Und dennoch bleibt sie erlaubt. 60 Jahre nach dem Kpd-verbot unterlässt das Verfassungsgericht den letzten entscheidenden Schritt und sichert mit seinem Urteil auf Dauer das weitere Existenzrecht der NPD. Denn nach Ansicht der Richter ist die Partei derzeit schlicht zu schwach, um ihre verfassungsfeindlichen Ziele auch tatsächlich umzusetzen und die freiheitlich-demokratische Grundordnung zu beseitigen. Das mag im Augenblick so sein, eine Garantie für die Zukunft ist es nicht. Und es könnte andere Verfassungsfeinde ermutigen. Zudem balancieren die Richter auf einem schmalen Grat und widersprechen sich selber. Im Fall der KPD begründeten sie das Verbot ausdrücklich damit, es komme nicht darauf an, dass „nach menschlichem Ermessen keine Aussicht darauf besteht, dass sie ihre verfassungswidrige Absicht in absehbarer Zukunft werde verwirklichen können“. Es reiche die Absicht aus. Davon rücken sie aber nun mit Blick auf die europäische Rechtsprechung ab. Das Risiko, dass Straßburg den Richterspruch wieder einkassiert, wollte Karlsruhe nicht eingehen.
Nach diesem Urteil ist es praktisch unmöglich geworden, eine Partei zu verbieten, selbst wenn an ihrer Verfassungsfeindlichkeit, menschenverachtenden Einstellung und antifreiheitlichen Programmatik keine Zweifel bestehen.
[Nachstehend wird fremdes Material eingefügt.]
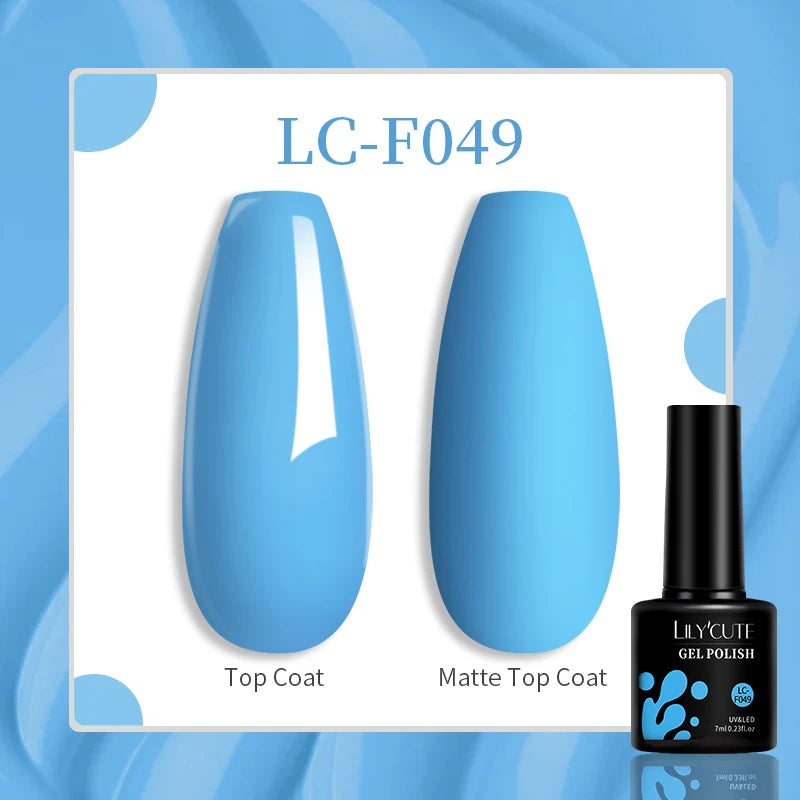 LILYCUTE 129 Colors Nail Gel Polish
Für die NPD ist dies ein Sieg, den sie propagandistisch ausschlachten wird. Nicht auszuschließen sogar, dass das Urteil der Partei, die vom Wähler in die politische Bedeutungslosigkeit geschickt wurde, neuen Auftrieb verleiht und sie nun quasi mit dem Segen des Verfassungsgerichts noch aggressiver und menschenverachtender auftritt. Mag die NPD auch schwach sein, harmlos ist sie nicht.
Mit der Verfassung ist der NPD nicht mehr beizukommen, der freiheitlich-demokratische Rechtsstaat muss es hinnehmen, dass selbst seine erklärten Feinde die von ihm gewährten Grundrechte in Anspruch nehmen können. Umso wichtiger ist, dass der Kampf gegen die NPD wie andere extremistische Kräfte am rechten wie linken Rand mit allen Mitteln der Politik, der Gesellschaft wie der Justiz geführt wird. Karlsruhe hat dies sogar ausdrücklich gefordert. So muss dringend die Parteienfinanzierung geändert werden. Der unerträgliche Zustand, dass Verfassungsfeinde mit Steuergeldern gemästet und somit erst in die Lage versetzt werden, ihre Ziele zu erreichen, ist schnellstens zu beenden. Es kann nicht sein, dass eine Partei erst dann verboten werden kann, wenn sie so stark ist, dass von ihr eine tatsächliche Gefahr ausgeht. Dann könnte es für die Freiheit und die Demokratie schon zu spät sein.